Kurva ROC adalah alat visual untuk mengevaluasi performa model
klasifikasi biner.
Kurva ini menunjukkan trade-off antara Sensitivity
(TPR) dan 1 - Specificity (FPR) di berbagai
cut-off threshold. #### 1. Definisi - Sumbu Y
(Sensitivity) = True Positive Rate = \(\frac{TP}{TP + FN}\)
- Sumbu X (1 - Specificity) = False Positive Rate =
\(\frac{FP}{FP + TN}\) - Garis
diagonal: menunjukkan tebakan acak (random guess)

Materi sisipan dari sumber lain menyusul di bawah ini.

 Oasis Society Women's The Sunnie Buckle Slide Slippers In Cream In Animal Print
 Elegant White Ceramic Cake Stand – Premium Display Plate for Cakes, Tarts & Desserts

- Kurva mendekati pojok kiri atas: model lebih baik #### 2.
Cut-off dan Pergerakan Kurva - Cut-off rendah: -
Sensitivitas naik - Spesifisitas turun - Cut-off tinggi: - Sensitivitas
turun - Spesifisitas naik #### 3. Kurva ROC Ideal -
Naik tajam secara vertikal ke sensitivitas = 1
- Lalu bergerak horizontal ke 1 - specificity = 1
- AUC mendekati 1 #### 4. Interpretasi Luas Area (AUC)
- AUC = 0.5: tidak lebih baik dari tebak acak
- AUC > 0.7: cukup baik
- AUC > 0.9: sangat baik
- AUC juga dikenal sebagai Concordance Index ### 5.
Kegunaan Kurva ROC - Bandingkan performa beberapa model
klasifikasi
- Menentukan threshold (cut-off) optimal sesuai kebutuhan ## 6.
Visualisasi ROC di R
library(pROC)
# Prediksi probabilitas dari model2
pred <- predict(model2, type = "response")
# ROC analysis, target = AK
roc_obj <- roc(response = data_bin$AK, predictor = pred)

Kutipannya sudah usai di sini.